= What the exercise asks =
Write out, from the entries below, exactly the lines that run between the lines holding "Growing a Thriving Hope: Reverence & Delight" and "Bild des Verkufers", inclusive, and stop there.

= Information provided =
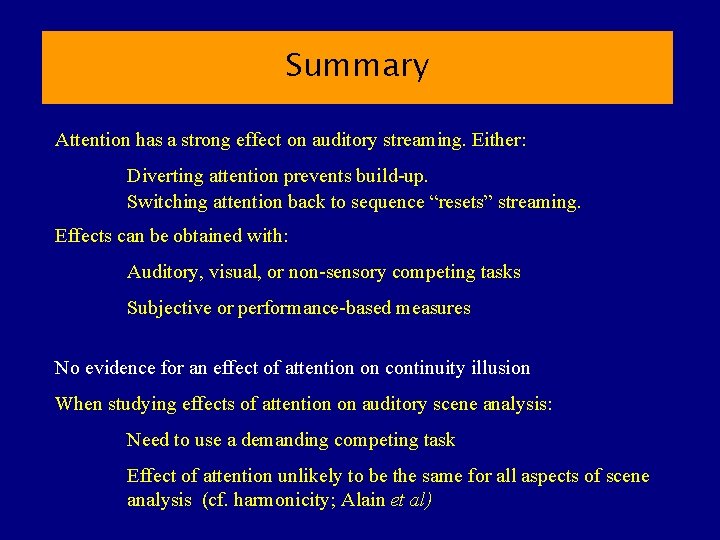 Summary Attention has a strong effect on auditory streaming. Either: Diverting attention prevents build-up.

* * *

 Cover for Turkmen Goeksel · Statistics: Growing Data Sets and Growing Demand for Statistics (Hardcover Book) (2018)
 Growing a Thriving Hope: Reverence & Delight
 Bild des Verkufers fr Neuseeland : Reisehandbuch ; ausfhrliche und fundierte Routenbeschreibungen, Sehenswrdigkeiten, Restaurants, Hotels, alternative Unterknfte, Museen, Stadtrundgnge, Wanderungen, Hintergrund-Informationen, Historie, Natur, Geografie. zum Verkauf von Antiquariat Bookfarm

= Answer to this exercise =
 Growing a Thriving Hope: Reverence & Delight
 Bild des Verkufers fr Neuseeland : Reisehandbuch ; ausfhrliche und fundierte Routenbeschreibungen, Sehenswrdigkeiten, Restaurants, Hotels, alternative Unterknfte, Museen, Stadtrundgnge, Wanderungen, Hintergrund-Informationen, Historie, Natur, Geografie. zum Verkauf von Antiquariat Bookfarm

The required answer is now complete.